Accessibility Through Accountability

Synthesizing Land Use and Transportation 

Accessibility measures the ease of reaching potential destinations, capturing the interaction between transportation infrastructure and land use. The measurement summarizes potential opportunities reachable from a given place, at a given time, traveling using a certain mode, for a certain amount of time. Also called Access to Destinations or Access to Opportunity, this set of metrics has been the focus of theoretical and empirical development in transportation research for fifty years. Recent advances in data availability and computing approaches, however, have led to an increase in variety and application of these metrics.

Traditional evaluation of transportation systems largely focuses on vehicle speed: where is speed low or constrained? Where is congestion causing delay? How many vehicles can move through a single point, or along a segment of roadway? This type of approach is mandated for federally funded (that is, nearly all) roadway projects, both in planning and prioritizing, and in studies of impact after infrastructure is built. What these measurements miss is twofold: whether the infrastructure changes lead to improvement in peoples’ ability to reach desired destinations in the short term, and what the land use changes resulting from the infrastructure mean for peoples’ ability to reach desired destinations in the long term. 

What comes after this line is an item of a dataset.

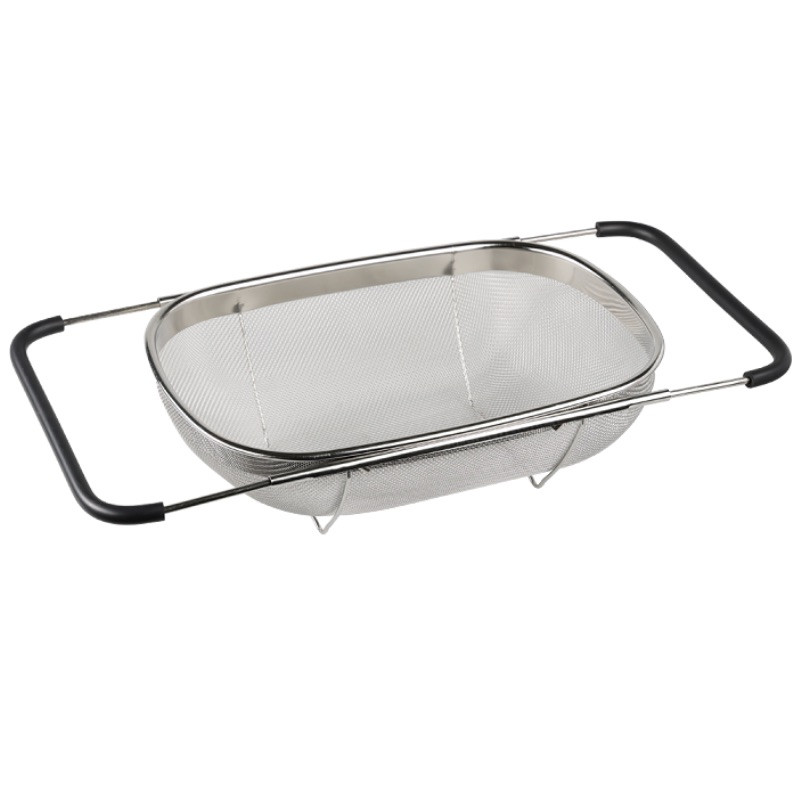 Kesper 90940 rugalmas mosogatószűrő, 36,5–55 cm, rozsdamentes acél, ezüst színű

In this study, we describe how Accessibility metrics can help agencies: 

  • Better measure short term changes in how opportunities for travel are provided
  • Better understand where and for whom project investments will produce benefits
  • Better predict what long-term land use changes are likely 

Together, these functions of Accessibility metrics mean performance evaluation, cost-benefit analysis, and other accountability measures can be applied more directly to what is under agency control.